» What this task involves
In the records below, find each line with the word "from" and copy it.

» Data supplied
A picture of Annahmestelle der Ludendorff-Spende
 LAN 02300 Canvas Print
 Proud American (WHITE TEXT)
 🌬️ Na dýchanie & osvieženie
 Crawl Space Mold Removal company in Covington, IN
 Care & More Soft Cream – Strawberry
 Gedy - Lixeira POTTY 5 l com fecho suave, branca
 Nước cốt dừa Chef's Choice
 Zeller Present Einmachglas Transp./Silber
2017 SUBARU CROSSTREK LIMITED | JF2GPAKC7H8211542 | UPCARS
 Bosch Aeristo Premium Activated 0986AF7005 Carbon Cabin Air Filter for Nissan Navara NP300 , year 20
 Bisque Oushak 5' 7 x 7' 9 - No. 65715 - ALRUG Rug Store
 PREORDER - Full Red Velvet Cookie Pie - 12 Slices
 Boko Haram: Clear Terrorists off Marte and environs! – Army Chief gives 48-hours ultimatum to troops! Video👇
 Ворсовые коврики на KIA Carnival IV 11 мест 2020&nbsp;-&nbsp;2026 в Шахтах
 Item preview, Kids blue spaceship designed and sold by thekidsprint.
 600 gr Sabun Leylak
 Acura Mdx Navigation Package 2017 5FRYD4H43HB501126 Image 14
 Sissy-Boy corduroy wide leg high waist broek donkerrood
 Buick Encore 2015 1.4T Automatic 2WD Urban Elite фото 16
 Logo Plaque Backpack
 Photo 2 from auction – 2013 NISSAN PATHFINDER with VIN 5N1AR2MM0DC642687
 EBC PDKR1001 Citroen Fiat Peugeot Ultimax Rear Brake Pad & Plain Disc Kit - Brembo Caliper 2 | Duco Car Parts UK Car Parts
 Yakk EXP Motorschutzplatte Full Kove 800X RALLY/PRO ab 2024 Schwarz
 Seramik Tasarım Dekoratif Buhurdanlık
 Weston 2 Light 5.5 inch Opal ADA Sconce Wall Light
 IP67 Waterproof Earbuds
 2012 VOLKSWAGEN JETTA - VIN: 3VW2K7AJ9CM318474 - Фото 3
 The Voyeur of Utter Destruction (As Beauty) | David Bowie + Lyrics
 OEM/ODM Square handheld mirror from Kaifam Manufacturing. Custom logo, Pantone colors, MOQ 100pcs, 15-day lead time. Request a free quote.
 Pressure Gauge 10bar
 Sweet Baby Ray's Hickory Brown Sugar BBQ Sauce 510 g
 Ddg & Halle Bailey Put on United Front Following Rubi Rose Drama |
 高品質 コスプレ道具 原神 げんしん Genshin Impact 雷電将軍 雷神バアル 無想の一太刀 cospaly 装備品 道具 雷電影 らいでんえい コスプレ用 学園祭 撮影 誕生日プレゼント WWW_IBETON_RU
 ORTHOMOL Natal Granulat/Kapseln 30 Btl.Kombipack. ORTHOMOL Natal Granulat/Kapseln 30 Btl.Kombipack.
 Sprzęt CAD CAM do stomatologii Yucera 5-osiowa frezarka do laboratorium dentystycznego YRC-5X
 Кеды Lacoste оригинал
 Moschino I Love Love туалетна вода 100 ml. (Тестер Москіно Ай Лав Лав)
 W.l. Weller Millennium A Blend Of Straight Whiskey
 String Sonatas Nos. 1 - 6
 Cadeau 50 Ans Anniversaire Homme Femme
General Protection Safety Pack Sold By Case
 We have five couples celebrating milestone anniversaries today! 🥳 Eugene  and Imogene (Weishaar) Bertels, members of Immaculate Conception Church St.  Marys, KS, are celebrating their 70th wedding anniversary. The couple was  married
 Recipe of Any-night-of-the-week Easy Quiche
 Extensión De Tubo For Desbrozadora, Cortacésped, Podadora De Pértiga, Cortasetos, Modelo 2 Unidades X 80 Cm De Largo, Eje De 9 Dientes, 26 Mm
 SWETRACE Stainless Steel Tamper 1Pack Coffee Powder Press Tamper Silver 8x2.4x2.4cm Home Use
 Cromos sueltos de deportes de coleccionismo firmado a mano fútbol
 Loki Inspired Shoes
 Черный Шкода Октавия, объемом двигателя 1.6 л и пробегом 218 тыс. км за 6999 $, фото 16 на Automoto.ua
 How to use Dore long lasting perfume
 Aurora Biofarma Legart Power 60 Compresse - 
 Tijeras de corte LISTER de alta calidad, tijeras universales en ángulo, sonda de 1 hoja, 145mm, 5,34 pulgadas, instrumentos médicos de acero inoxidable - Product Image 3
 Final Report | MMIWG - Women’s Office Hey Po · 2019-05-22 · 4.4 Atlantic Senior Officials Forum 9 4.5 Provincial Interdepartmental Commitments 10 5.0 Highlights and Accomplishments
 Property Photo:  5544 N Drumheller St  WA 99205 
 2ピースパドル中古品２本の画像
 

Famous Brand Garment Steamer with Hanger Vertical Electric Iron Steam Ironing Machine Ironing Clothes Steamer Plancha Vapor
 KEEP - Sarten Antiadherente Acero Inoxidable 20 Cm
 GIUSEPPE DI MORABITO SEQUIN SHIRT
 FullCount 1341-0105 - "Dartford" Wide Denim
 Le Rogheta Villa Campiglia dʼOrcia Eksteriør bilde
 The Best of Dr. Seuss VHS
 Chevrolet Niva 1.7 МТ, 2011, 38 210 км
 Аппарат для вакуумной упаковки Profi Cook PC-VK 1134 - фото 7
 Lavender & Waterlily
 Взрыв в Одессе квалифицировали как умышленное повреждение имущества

» Result of this exercise
 Photo 2 from auction – 2013 NISSAN PATHFINDER with VIN 5N1AR2MM0DC642687
 OEM/ODM Square handheld mirror from Kaifam Manufacturing. Custom logo, Pantone colors, MOQ 100pcs, 15-day lead time. Request a free quote.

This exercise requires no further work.